Of course, there is much more to index design than we have covered so far. For example, you might consider index overloading to achieve index only access. If all of the data that a SQL query asks for is contained in the index, DB2 may be able to satisfy the request using only the index. Consider our previous SQL statement. We asked for LASTNAME and SALARY given information about EMPNO and DEPTNO.  And we also started by creating an index on the EMPNO and DEPTNO columns. If we include LASTNAME and SALARY in the index as well then we never need to access the EMP table because all of the data we need exists in the index. This technique can significantly improve performance because it cuts down on the number of I/O requests.

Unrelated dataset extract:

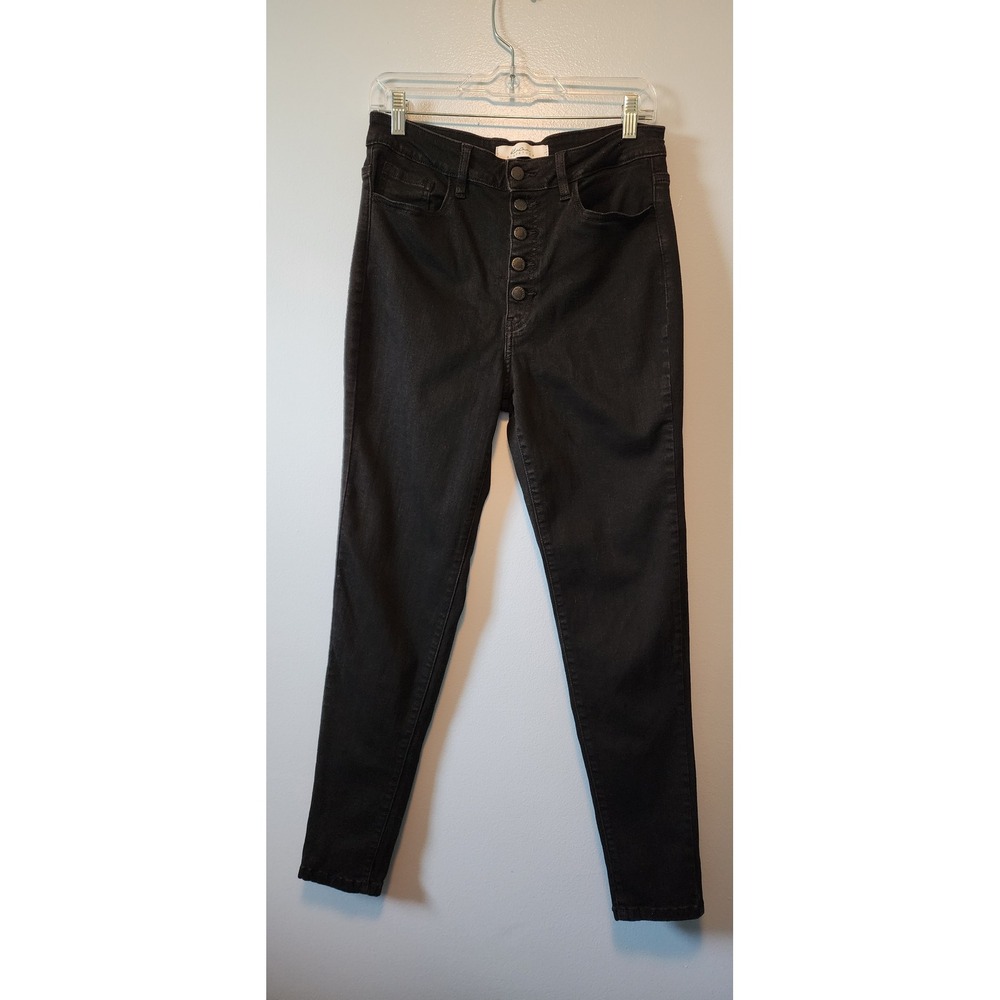 KanCan Signature Skinny Jeans Womens 29 Black Button Fly High Rise EUC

Keep in mind, though, that it is not prudent (or even possible) to make every query an index only access. This technique should be saved for particularly troublesome or important SQL statements. 

3 comments:

Andrew Simard said...

Just wondering what your thoughts are on the index advisor tool? When a client says that a particular activity (report or whatever) is slow, I capture a bunch of their SQL statements using a logging function that captures their SQL as they perform their activity, and then use that' as the workload input into the advisor command-line tool. It suggests indexes and generates the code to create them along with an estimate of the expected performance improvement. Seems like a useful addition to your article?

Craig S. Mullins said...

Tooling to help create appropriate indexes can be a good idea. I try not to promote any specific tools on the blog unless it is one that I have used (or am currently using) on a job.

Andrew Simard said...

Makes some sense as there are a lot of tools out there. This one just happens to be part of DB2 itself, so it is always available.